SHOW ENGINE INNODB TRANSACTIONS output:

---TRANSACTION 2238938, ACTIVE 2 sec inserting
mysql tables in use 1, locked 1
LOCK WAIT 2 lock struct(s), heap size 1136, 1 row lock(s)
MySQL thread id 18, OS thread handle 140294237603584, query id 96216 System lock
------- TRX HAS BEEN WAITING 2 SEC FOR THIS LOCK TO BE GRANTED:
RECORD LOCKS space id 347 page no 13 n bits 72 index PRIMARY of table `xa`.`t1` trx id 2238938 lock_mode X insert intention waiting
Record lock, heap no 1 PHYSICAL RECORD: n_fields 1; compact format; info bits 0
 0: len 8; hex 73757072656d756d; asc supremum;;

------------------
TABLE LOCK table `xa`.`t1` trx id 2238938 lock mode IX
RECORD LOCKS space id 347 page no 13 n bits 72 index PRIMARY of table `xa`.`t1` trx id 2238938 lock_mode X insert intention waiting
Record lock, heap no 1 PHYSICAL RECORD: n_fields 1; compact format; info bits 0
 0: len 8; hex 73757072656d756d; asc supremum;;

---TRANSACTION 2238923, ACTIVE (PREPARED) 1085 sec recovered trx
4 lock struct(s), heap size 1136, 2 row lock(s), undo log entries 2
TABLE LOCK table `xa`.`t1` trx id 2238923 lock mode IX
TABLE LOCK table `xa`.`t2` trx id 2238923 lock mode IX
RECORD LOCKS space id 347 page no 13 n bits 72 index PRIMARY of table `xa`.`t1` trx id 2238923 lock mode S
Record lock, heap no 1 PHYSICAL RECORD: n_fields 1; compact format; info bits 0
 0: len 8; hex 73757072656d756d; asc supremum;;

RECORD LOCKS space id 347 page no 14 n bits 72 index PRIMARY of table `xa`.`t1` trx id 2238923 lock_mode X locks rec but not gap
Record lock, heap no 2 PHYSICAL RECORD: n_fields 4; compact format; info bits 0
 0: len 4; hex 80000006; asc     ;;
 1: len 6; hex 0000002229cb; asc    ") ;;
 2: len 7; hex ee000001d80110; asc        ;;
 3: len 30; hex 616161616161616161616161616161616161616161616161616161616161; asc aaaaaaaaaaaaaaaaaaaaaaaaaaaaaa; (total 8000 bytes);
[30 Aug 2017 23:17] Kenny Gryp
Given the fact that this is also a 'supremum pseudo-record' issue.
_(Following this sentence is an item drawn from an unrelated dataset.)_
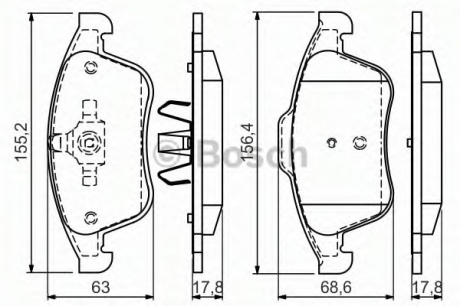 Комплект тормозных колодок, дисковый тормоз BOSCH 0986494556 (фото 1)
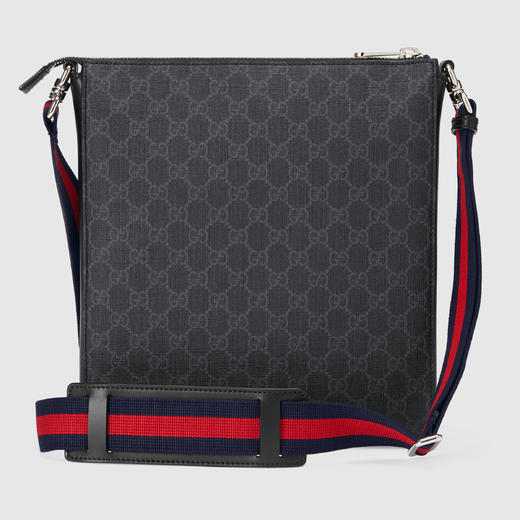 【预售】Gucci GG Supreme黑灰色帆布男士挎包单肩包 尺寸为27cm（宽）x 28.5cm（高）x 5cm（深） 商品图2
This bug might be very likely related: https://bugs.mysql.com/bug.php?id=86486
[30 Aug 2017 23:19] Kenny Gryp
NOTE FOR PEOPLE HAVING THIS ISSUE: 

You can 'workaround' this issue by restarting the database, which causes the locks by the XA transaction that is already prepared to be gone and replication will just continue.
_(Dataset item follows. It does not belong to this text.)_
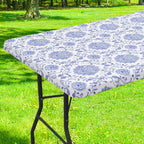 Smiry Rectangle Table Cloth, Waterproof Plastic Table Cover for 5FT Tables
(no need to restore slaves from backups, skip binlog events...)
[27 Sep 2017 23:21] Vlad Lesin
The issue has been already fixed in 5.7.18 with the following commit:

commit c90aba97ee76f65770f6b4641edef1c32db58279
Author: Debarun Banerjee <debarun.banerjee@oracle.com>
Date: Sun Nov 13 10:31:35 2016 +0530

    BUG#25082593 FOREIGN KEY VALIDATION DOESN'T NEED TO ACQUIRE GAP LOCK
                 IN READ COMMITTED
[18 Oct 2017 11:27] Kenny Gryp
The test case from Laurynas does not fail in 5.7.19. IMO this bug can be closed as fixed.
[31 Oct 2017 0:48] Jesper wisborg Krogh
Posted by developer:
 
The test case does not reproduce for me in 5.7.18. I agree, this is most likely a duplicate of Bug 25082593 which was fixed in 5.7.18 with the following change log entry:

A gap lock was taken unnecessarily during foreign key validation while
using the READ COMMITTED isolation level.